There is no secret or quick fix to sustained weight loss. Weight maintenance is simply down to instilling healthy habits that are easily integrated into your current lifestyle. Making simple and subtle changes are what makes all the difference, and ensuring their convenience enables you to sustain these positive changes as a permanent fixture in your life.
Reasons for weight gain:
- Unhealthy habits – 40% of our behaviour is subconscious
- Environment – there are always special offers on convenience foods high in salt, fat and sugar
- Hormones & emotions – We deal with fluctuating hormones and emotions on a daily basis, many of which we deal with through food. Not only that, once you have lost weight, appetite increasing hormones increase
- Mindset & attitude – Falling off the healthy wagon is inevitable from time to time. Hopping back on ensures continued healthy living, whereas abandoning the idea leads to continued weight gain
Regaining any weight you may have lost is a common occurrence. We are significantly tied to food emotionally and habitually. Breaking any cycles and habits that encourage weight gain is essential, and instigating and creating new ones in place of them in order to sustain a healthy weight.

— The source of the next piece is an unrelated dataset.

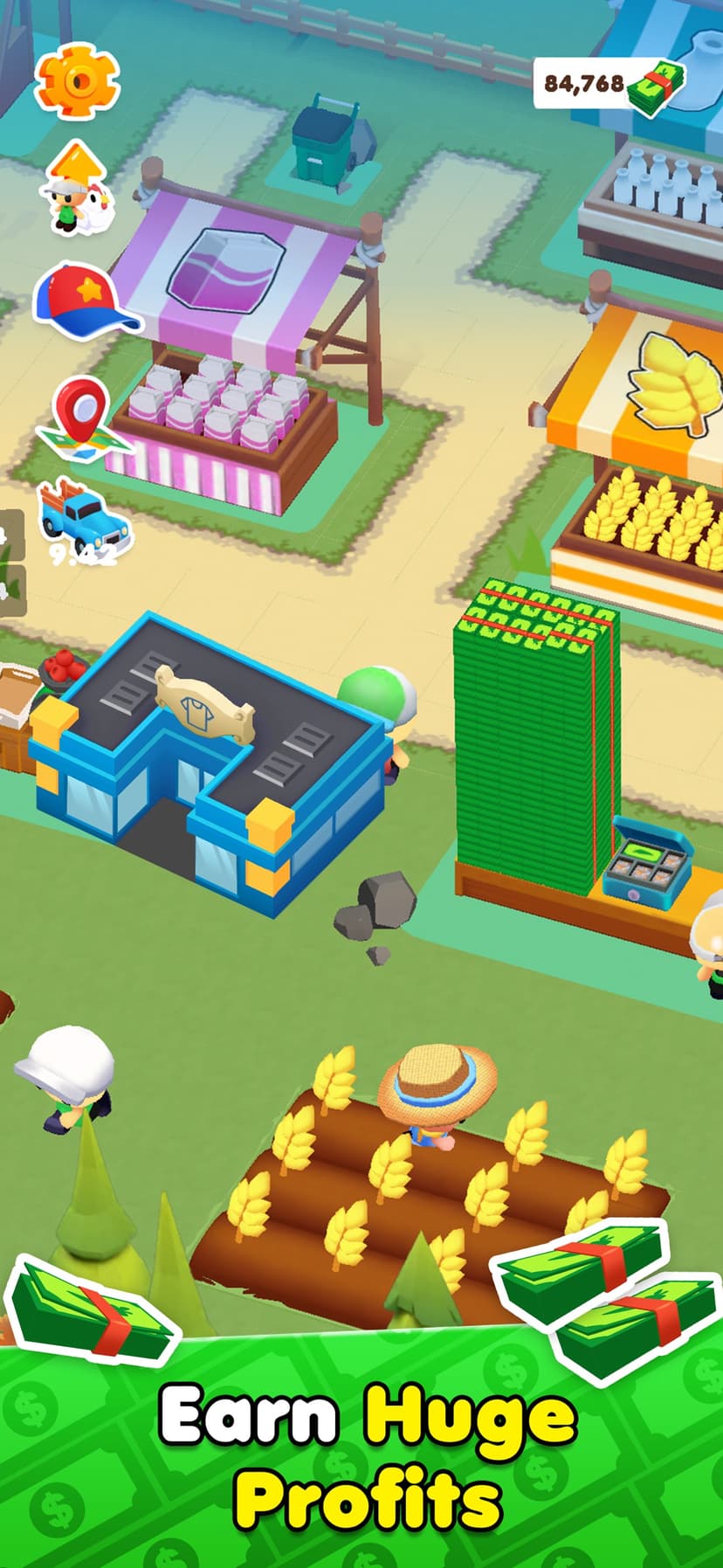 MicroTown.io - My Little Town screenshot 4 - screenshot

Our bodies naturally resist weight loss – this is a survival instinct that isn’t as important as it was hundreds of years ago. However, one thing that has evolved is our increasingly weaker signals telling us that we are full.

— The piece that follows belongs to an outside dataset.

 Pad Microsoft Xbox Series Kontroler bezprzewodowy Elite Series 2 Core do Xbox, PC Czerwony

Convenience foods are absolutely everywhere; the majority of which contain high levels of salt, fat and sugar. This therefore means that we now need to exert more self-control than ever before in order to avoid falling into their trap.
It is only natural that we have the occasional slip-up or indulgent meal out, but many will then ditch the ‘diet’ and continue with the previous behaviours that they were trying to avoid. An occasional setback is not the end of the road, and is simply part of life. Climbing back onto the healthy eating horse as soon as possible will ensure you get back onto the straight and narrow, not allowing excess weight to creep back on.
One study has shown that if you lose 6kg over a 4 year period and then regain 5kg within that same span of time, you will still have reduced your risk of developing diabetes in the future.